**Aim of the exercise:** Every entry that follows must be written out exactly, apart from its pictures.

**Given data:**
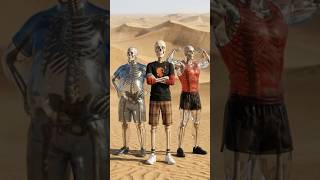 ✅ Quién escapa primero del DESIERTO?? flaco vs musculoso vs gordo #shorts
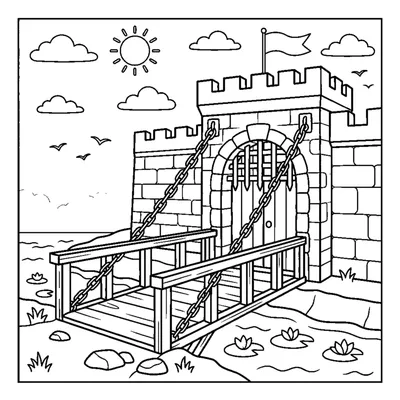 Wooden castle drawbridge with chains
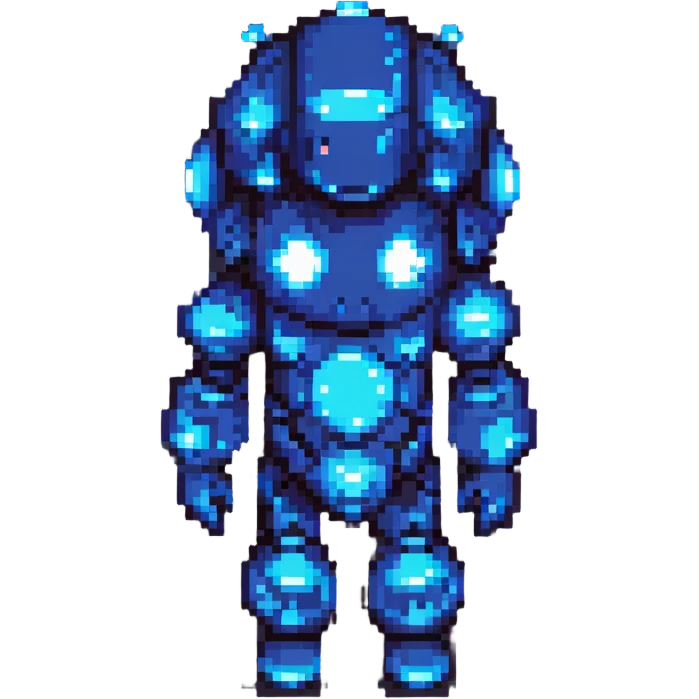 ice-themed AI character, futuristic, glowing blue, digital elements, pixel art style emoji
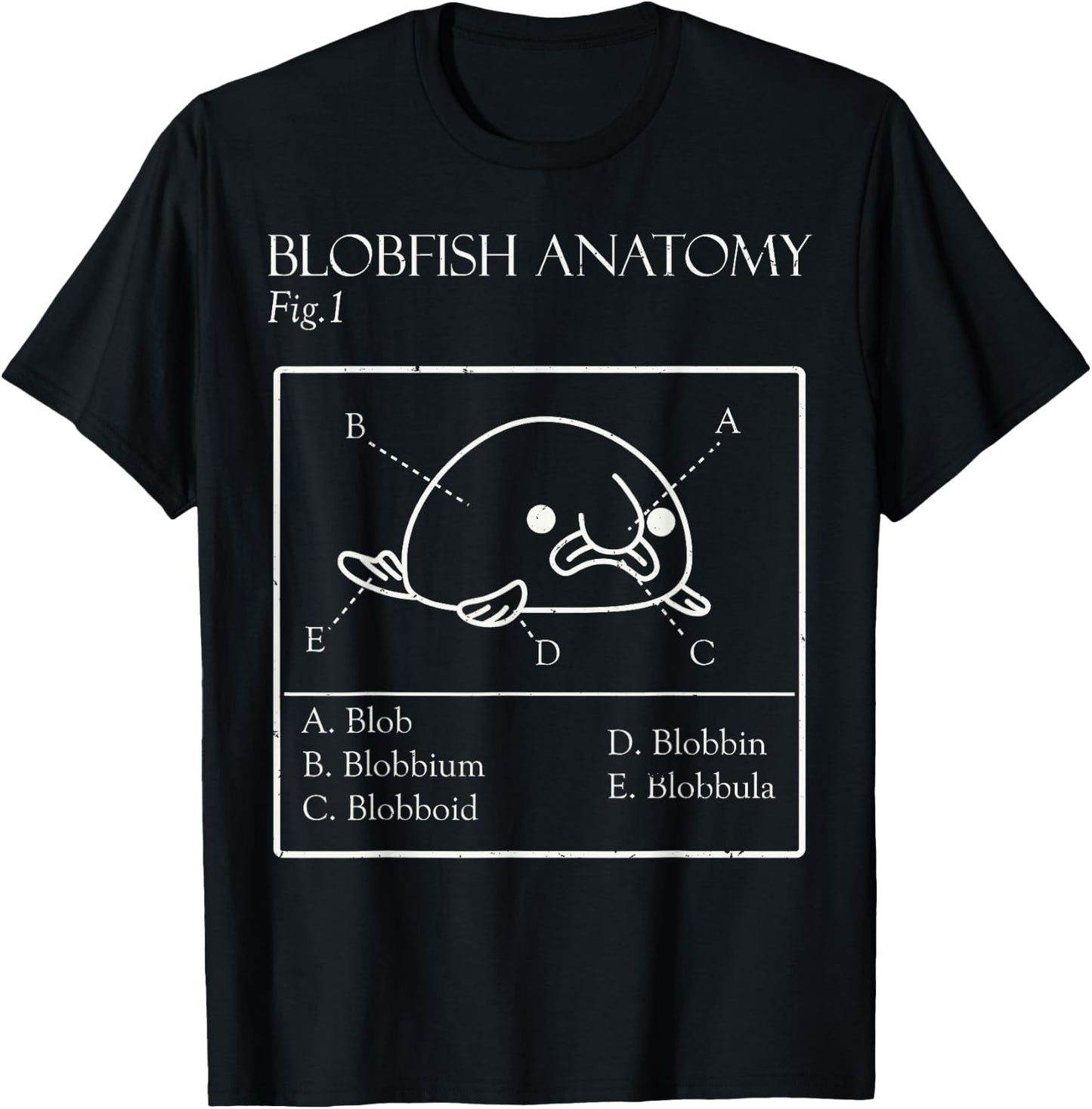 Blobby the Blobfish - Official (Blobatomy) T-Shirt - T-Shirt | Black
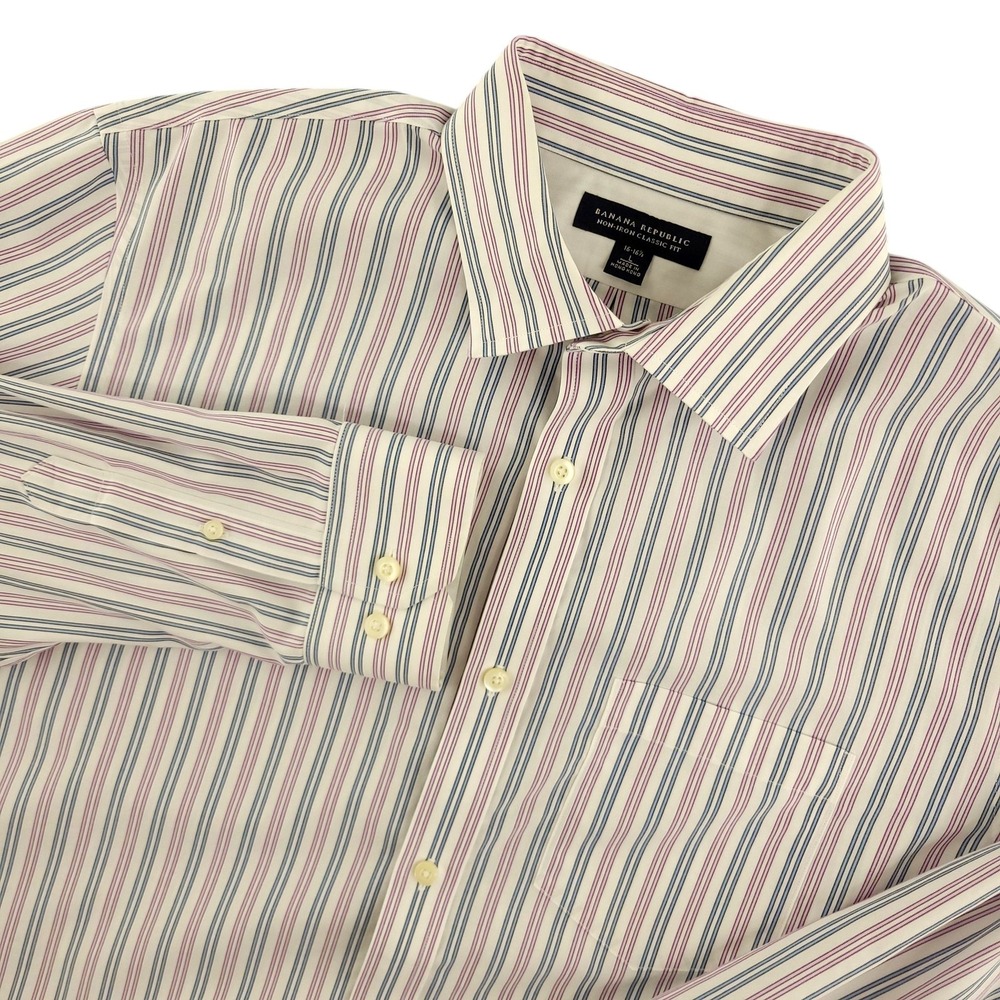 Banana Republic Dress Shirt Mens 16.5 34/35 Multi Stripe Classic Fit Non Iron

**Final answer:**
 ✅ Quién escapa primero del DESIERTO?? flaco vs musculoso vs gordo #shorts
 Wooden castle drawbridge with chains
 ice-themed AI character, futuristic, glowing blue, digital elements, pixel art style emoji
 Blobby the Blobfish - Official (Blobatomy) T-Shirt - T-Shirt | Black
 Banana Republic Dress Shirt Mens 16.5 34/35 Multi Stripe Classic Fit Non Iron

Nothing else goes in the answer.